C.İlk Derece Mahkemesinin Son Kararı
İlk Derece Mahkemesince yukarıda tarih ve sayısı belirtilen kararı ile tarafların reddedilen boşanma davasından sonra bir araya gelmedikleri ve evlilik birliğinin fiilen kurulmadığı gerekçesi ile davanın kabulü ile tarafların 4721 sayılı Kanun’un 166 ncı maddesinin dördüncü fıkrası uyarınca boşanmalarına, davalı kadın yararına yargılama sırasında takdir edilen aylık 350,00 TL tedbir nafakasının karar tarihi itibari ile 1.000,00 TL’ye çıkartılmasına, davalı kadın yararına boşanma hükmü kesinleştikten sonra aylık 1.000,00 TL yoksulluk nafakasına hükmedilmiştir.
IV. İSTİNAF
A. İstinaf Yoluna Başvuranlar
İlk Derece Mahkemesinin yukarıda belirtilen kararına karşı süresi içinde taraflar vekillerince istinaf başvurusunda bulunmuştur.
B. İstinaf Sebepleri
1.Davacı erkek vekili tarafından, müvekkilinin sürekli ve düzenli geliri, işletmesi ve gayrimenkulü olmadığı, davalı kadın yararına yoksulluk nafakası koşulları oluşmadığı gibi yoksulluk nafakasının miktarının da fahiş olduğu belirtilerek; aleyhine hükmedilen yoksulluk nafakası yönünden İlk Derece Mahkemesinin kararının lehine kaldırılmasını talep ederek istinaf yoluna başvurmuştur.

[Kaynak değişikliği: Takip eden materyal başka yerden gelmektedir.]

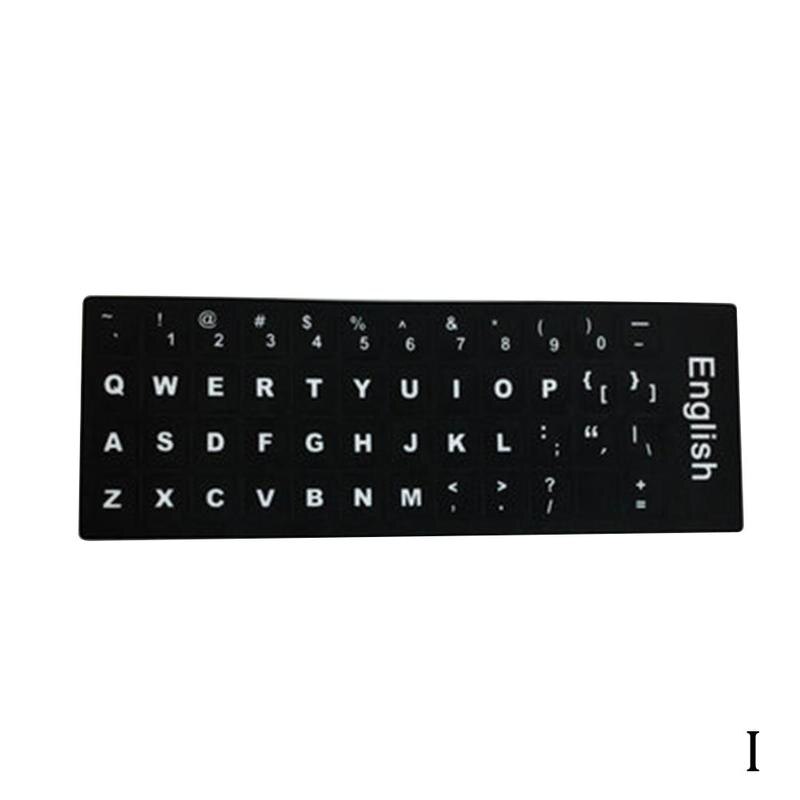 1pcs Spanish Russian Arabic French German Hebrew Italian Standard Waterproof Keyboard German Language Korean Stickers Compu Y9l2: English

2.Davalı kadın vekili tarafından, davanın ispatlamadığı, tarafların 3 yıllık süre içerisinde bir araya geldikleri, davacı erkeğin oto galerisi olduğu ve maddî durumunun çok iyi olduğu belirtilerek; davanın kabulü ve yoksulluk nafakasının miktarı yönünden İlk Derece Mahkemesinin kararının lehine kaldırılmasını talep ederek istinaf yoluna başvurmuştur.
C. Gerekçe ve Sonuç
Bölge Adliye Mahkemesinin yukarıda tarih ve sayısı belirtilen kararı ile boşanmaya sebebiyet veren olaylarda fiili ayrılık yaratan davacı erkeğin tamamen kusurlu olduğu, ortak hayatın kurulamadığı, 4721 sayılı Kanun’un 166 ncı maddesinin dördüncü fıkrasındaki koşullarının oluştuğu bu nedenle davanın kabulünde isabetsizlik bulunmadığı, kadının boşanmakla yoksulluğa düşeceği, yoksulluk nafakasına hükmedilmesinin ve miktarının hakkaniyete uygun olduğu gerekçesi ile İlk Derece Mahkemesi kararının usul ve yasaya uygun bulunarak, istinaf başvurusunun esastan reddine karar verilmiştir
V. TEMYİZ
A. Temyiz Yoluna Başvuranlar
Bölge Adliye Mahkemesinin yukarıda belirtilen kararına karşı süresi içinde taraf vekillerince temyiz isteminde bulunmuştur.
B. Temyiz Sebepleri
Bölge Adliye Mahkemesinin istinaf başvurusunun esastan reddi kararının hatalı olduğu belirterek istinaf dilekçesinde ileri sürülen gerekçeler ile Bölge Adliye Mahkemesi kararının bozulması talep edilmiştir.
C. Gerekçe
1. Uyuşmazlık ve Hukuki Nitelendirme
Uyuşmazlık, davacı erkğin boşanma davasının ve davalı kadın yararına hüküm altına alınan yoksulluk nafakasının koşullarının oluşup oluşmadığı ve yoksulluk nafakasının miktarı noktasında toplanmaktadır.
2. İlgili Hukuk
4721 sayılı Kanun’un 166 ncı maddesinin dördüncü fıkrası ve 175 inci maddesi, 6100 sayılı Hukuk Muhakemeleri Kanunu’nun (6100 sayılı Kanun) 369 uncu maddesinin birinci fıkrası ile 371 inci maddesi.
3. Değerlendirme
1.Bölge adliye mahkemelerinin nihai kararlarının bozulması 6100 sayılı Kanun’un 371 inci maddesinde yer alan sebeplerden birinin varlığı hâlinde mümkündür.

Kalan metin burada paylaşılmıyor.